Rule based search¶
Overview¶
Camphr provides some rule based matching pipelines: PatternSearcher
and RegexRuler
, and MultipleRegexRuler
.
These pipelines are character-based, which means that they are more robust but could be more susceptible to false positives than token-based spaCy pipelines
Matcher and PhraseMatcher .
Usage: RegexRuler¶
Create a pipe
>>> import spacy >>> from camphr.pipelines import RegexRuler >>> nlp = spacy.blank("en") >>> pattern = r"[\d-]+" >>> pipe = RegexRuler(pattern, label="PHONE_NUMBER") >>> nlp.add_pipe(pipe)
Parse a text
>>> text = "My phone number is 012-2345-6666" >>> doc = nlp(text) >>> print(doc.ents) (012-2345-6666,) >>> print(doc.ents[0].label_) PHONE_NUMBER
Usage: MultipleRegexRuler¶
You can use multiple patterns with MultipleRegexRuler
Create a pipe
>>> import spacy >>> from camphr.pipelines import MultipleRegexRuler >>> nlp = spacy.blank("en") >>> patterns = {"PHONE_NUMBER": r"[\d-]+", "EMAIL": "[\w.]+@[\w.]+"} >>> pipe = MultipleRegexRuler(patterns) >>> nlp.add_pipe(pipe)
Parse a text
>>> text = "Phone: 012-2345-6666, email: bob@foomail.com" >>> doc = nlp(text) >>> print(doc.ents) (012-2345-6666, bob@foomail.com) >>> print([e.label_ for e in doc.ents]) ['PHONE_NUMBER', 'EMAIL']
Usage: PatternSearcher¶
PatternSearcher
is useful when you want to look up words based on a large dictionary, thanks to pyahocorasick .

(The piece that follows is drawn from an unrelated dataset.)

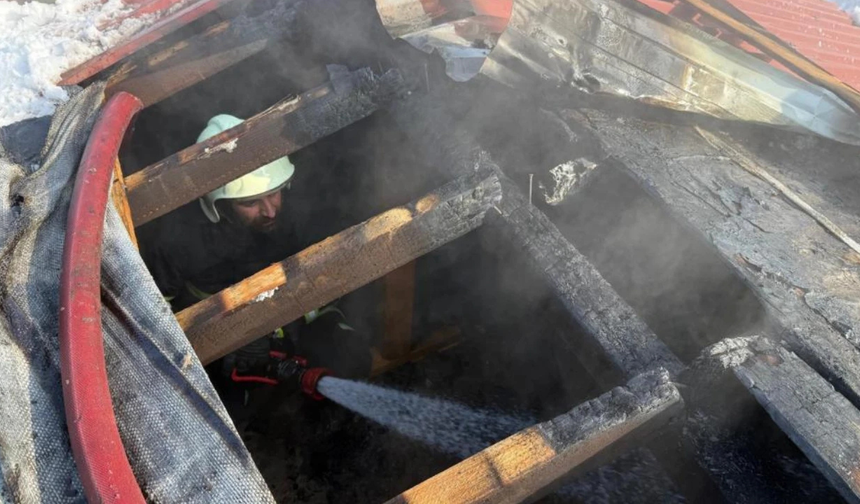 Diyarbakır’da okulda yangın paniği: Öğrenciler tahliye edildi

This pipeline searches words based on characters, while spaCy provides a similar pipeline PhraseMatcher which is a token-based searcher.
Create a pipe
>>> import spacy >>> nlp = spacy.blank("en") >>> pipe = PatternSearcher.from_words(["text", "pattern searcher"]) # add words >>> nlp.add_pipe(pipe)
Parse a text
>>> text = "This is a test text for pattern searcher." >>> doc = nlp(text) >>> doc.ents (text, pattern searcher)